Apr 3, 2012, 7:16 PM EDT

Yohan Flande Getty Images

The Braves got down to 25 players Monday, demoting pitchers Cory Gearrin and Julio Teheran to Triple-A as part of their cuts. Left as the 12th pitcher on the staff was Yohan Flande, who appeared all set to make his major league debut after spending six years in the minors.

Then came the bad news today: Atlanta signed Nationals castoff Chad Durbin to a major league contract. Flande is on his way back to Triple-A after all.

Flande, 26, entered camp as a big long shot to make the team, but he allowed just three runs — one earned — and eight hits in 12 1/3 innings for the spring. He had a 4.01 ERA in 19 starts and 14 relief appearances for Triple-A Gwinnett last year.

Durbin, 34, was cut by the Nats after allowing eight runs — four earned — and 21 hits in 15 1/3 innings this spring. He was a member of Cleveland’s pen last season and had a 5.53 ERA in 68 1/3 innings.

Their recent changes leaves the Braves pitching staff skewing quite a bit older than expected. Durbin and fellow new acquisition Livan Hernandez will both work in middle relief, giving the team veteran fallbacks in case Randall Delgado or any of their other starters struggle early on.

  1. momeld - Apr 3, 2012 at 7:23 PM

    You don’t mess with the Johan.

  2. bobulated - Apr 3, 2012 at 7:33 PM

    He’ll be back up soon if Durbin pitches true to form; don’t understand why they didn’t keep the younger, cheaper option who had the better spring.

    • cltjump - Apr 3, 2012 at 8:53 PM

      Because ATL management can be a clusterfudge of idiotic opinions.

  3. scatterbrian - Apr 3, 2012 at 9:06 PM

    “Their recent changes leaves the Braves pitching staff skewing quite a bit older than expected.”

    …which will likely precipitate Flande’s debut this season.

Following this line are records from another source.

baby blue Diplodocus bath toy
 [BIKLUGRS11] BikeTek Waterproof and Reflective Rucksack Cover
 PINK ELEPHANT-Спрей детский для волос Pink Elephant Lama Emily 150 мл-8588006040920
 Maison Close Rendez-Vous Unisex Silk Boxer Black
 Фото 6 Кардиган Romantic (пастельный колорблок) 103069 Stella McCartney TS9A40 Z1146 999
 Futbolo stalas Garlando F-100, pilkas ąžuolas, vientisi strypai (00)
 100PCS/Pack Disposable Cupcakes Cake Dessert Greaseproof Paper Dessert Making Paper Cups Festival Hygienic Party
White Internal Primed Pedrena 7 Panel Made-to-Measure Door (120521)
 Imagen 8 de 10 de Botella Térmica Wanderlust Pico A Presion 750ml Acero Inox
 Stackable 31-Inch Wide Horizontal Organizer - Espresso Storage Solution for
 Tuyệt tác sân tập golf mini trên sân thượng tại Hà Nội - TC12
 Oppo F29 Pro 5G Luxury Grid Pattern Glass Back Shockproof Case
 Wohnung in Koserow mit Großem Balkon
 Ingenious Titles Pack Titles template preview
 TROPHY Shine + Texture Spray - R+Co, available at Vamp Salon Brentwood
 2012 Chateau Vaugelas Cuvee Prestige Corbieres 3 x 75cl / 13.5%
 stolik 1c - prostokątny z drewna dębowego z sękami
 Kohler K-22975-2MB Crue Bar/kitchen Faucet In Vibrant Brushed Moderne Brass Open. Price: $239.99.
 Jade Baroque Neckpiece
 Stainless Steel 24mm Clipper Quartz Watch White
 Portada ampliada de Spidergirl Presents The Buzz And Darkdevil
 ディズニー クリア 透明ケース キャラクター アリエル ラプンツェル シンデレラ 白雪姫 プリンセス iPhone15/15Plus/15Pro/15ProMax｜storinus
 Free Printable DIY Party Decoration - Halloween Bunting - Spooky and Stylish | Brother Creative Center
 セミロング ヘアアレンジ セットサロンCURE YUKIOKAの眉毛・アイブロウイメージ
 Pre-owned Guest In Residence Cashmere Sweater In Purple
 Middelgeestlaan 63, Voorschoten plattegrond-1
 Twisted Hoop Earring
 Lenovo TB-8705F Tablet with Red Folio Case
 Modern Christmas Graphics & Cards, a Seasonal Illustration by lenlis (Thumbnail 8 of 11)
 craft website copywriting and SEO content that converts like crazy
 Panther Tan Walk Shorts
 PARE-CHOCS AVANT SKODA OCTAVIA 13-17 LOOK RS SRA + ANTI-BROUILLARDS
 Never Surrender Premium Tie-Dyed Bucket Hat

  4. js20011041 - Apr 3, 2012 at 9:47 PM

    I think the best option would be to both send Flande down and not sign Durbin. I will never understand why teams are carrying 12 and 13 pitchers. It wasn’t that long ago that teams were only carrying 10. I know the game hasn’t changed that much in the last 10 or 15 years. Besides the endless parade of pitching changes, this obsession with massive pitching staffs just makes the game less interesting. Fewer teams platoon because you simply can’t afford to give one of your 3 free bench spots to a player who can say, only be effective against left handed pitchers. I really think that MLB needs to create some kind of rule to curb the pitching changes. Either limit the number of pitchers on a staff to 11 or force pitchers to pitch to multiple batters. But something needs to be done.